**Activity:**
Lines from the one containing "Our Frienship Is" to the end of the records, both ends included and exactly as written, are the whole answer, and no pictures go in it.

────────────────────────────────────────

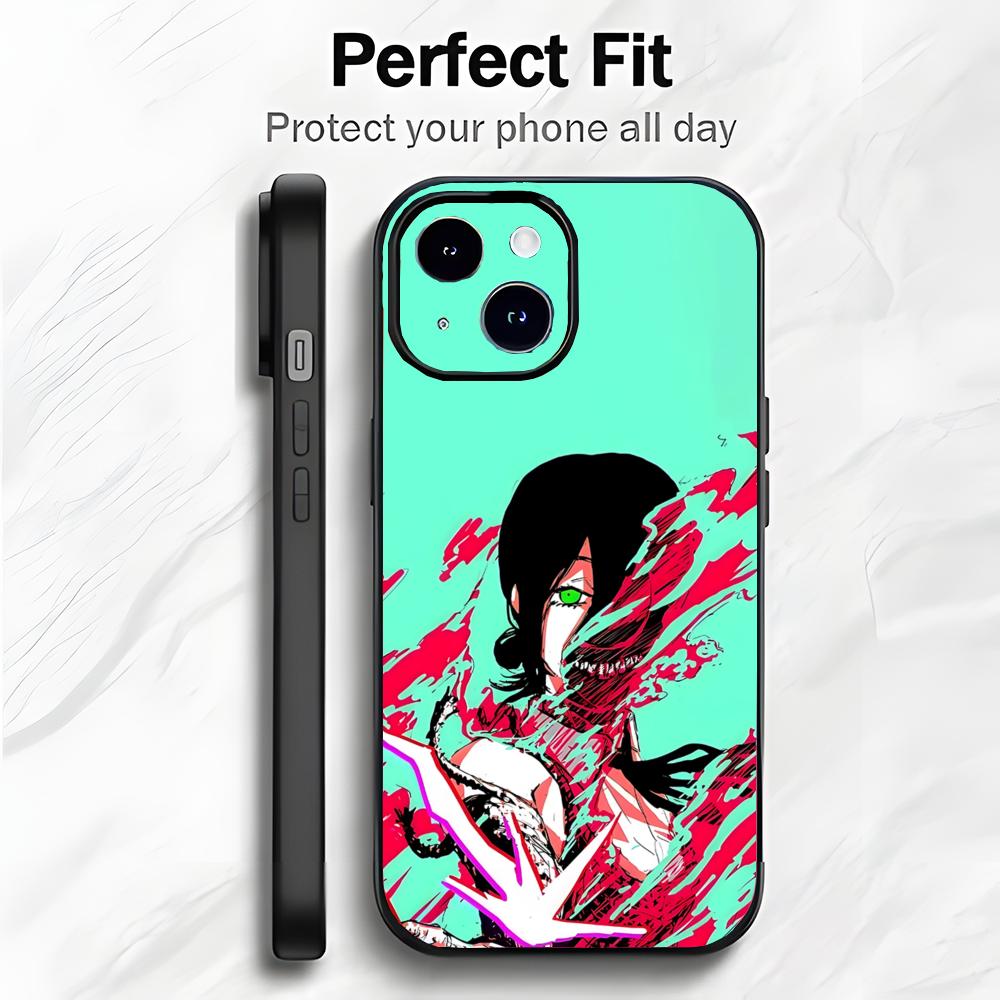 Classic Japanese Anime C-Chainsaw Man Phone Case Phone Case Soft Packaging Lightweight For iPhone17 16 15 14 13ProMax
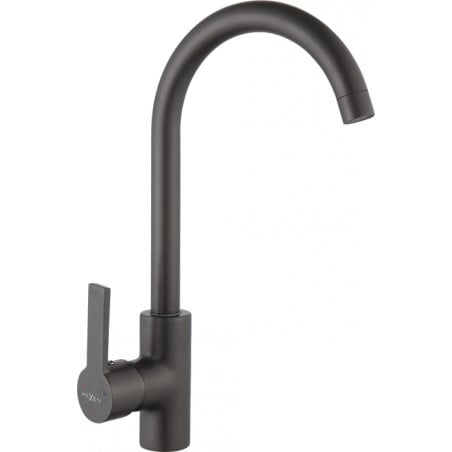 Mexen Ana grifo de cocina, negro - 671000-70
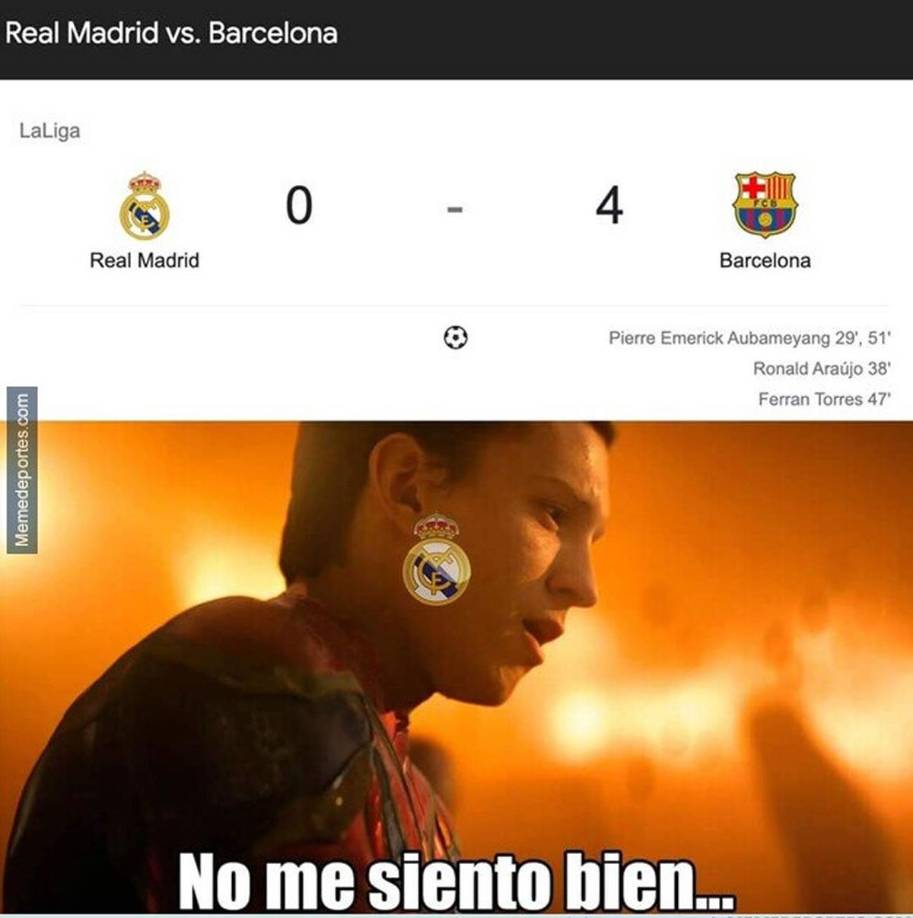 Los memes crucifican al Real Madrid tras ser goleado y humillado por el Barça de Xavi
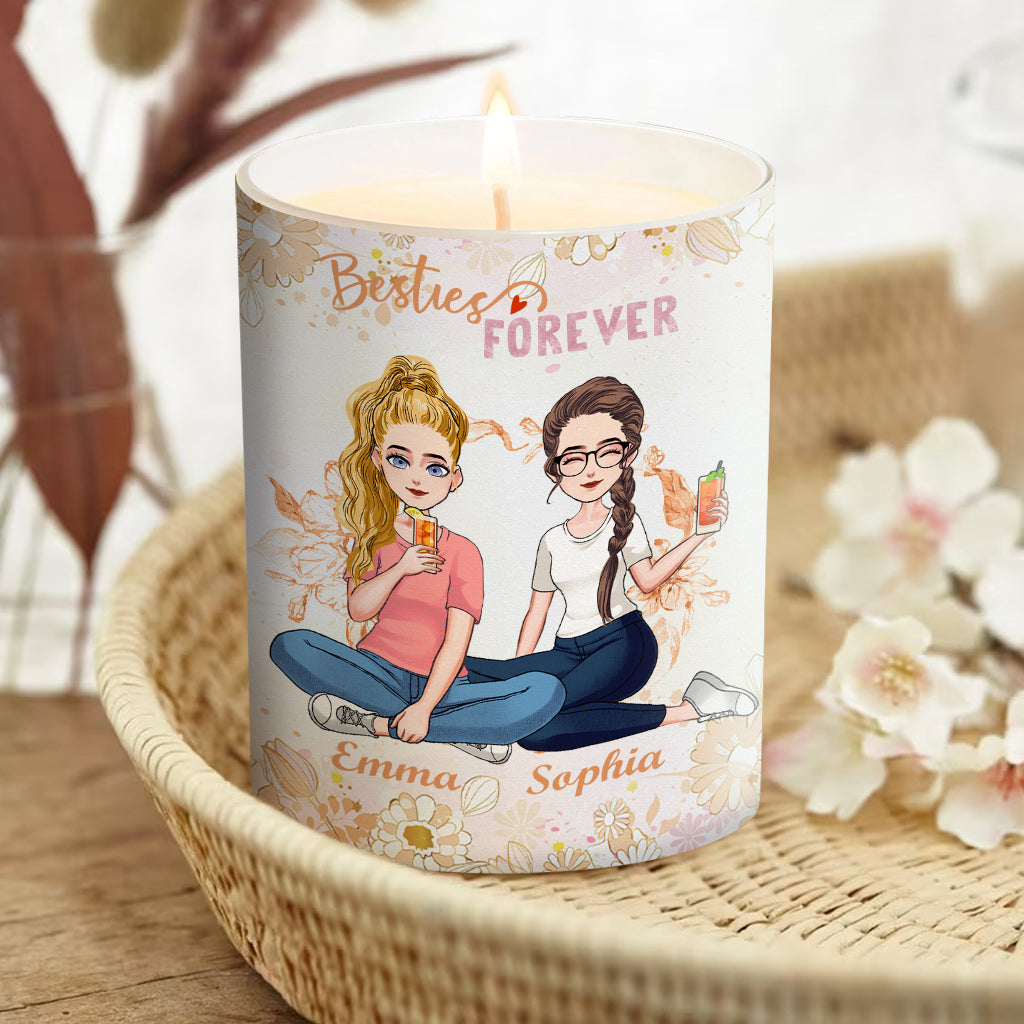 Our Frienship Is Like This Candle - Personalized Bestie Candle With Wooden Lid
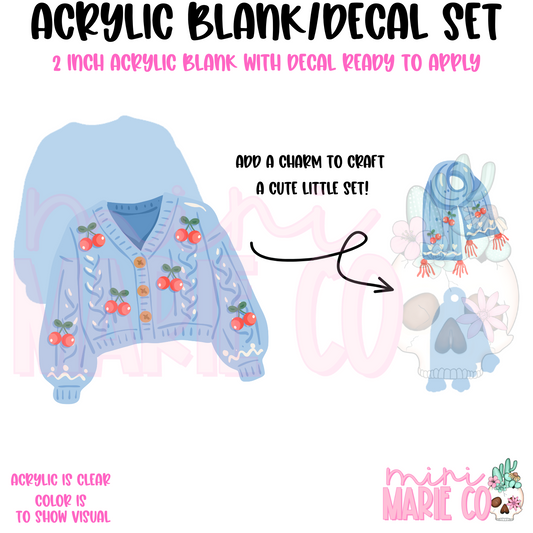 Cherry Winter Acrylic Blank/Decal Set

────────────────────────────────────────

**Solution for this exercise:**
 Our Frienship Is Like This Candle - Personalized Bestie Candle With Wooden Lid
 Cherry Winter Acrylic Blank/Decal Set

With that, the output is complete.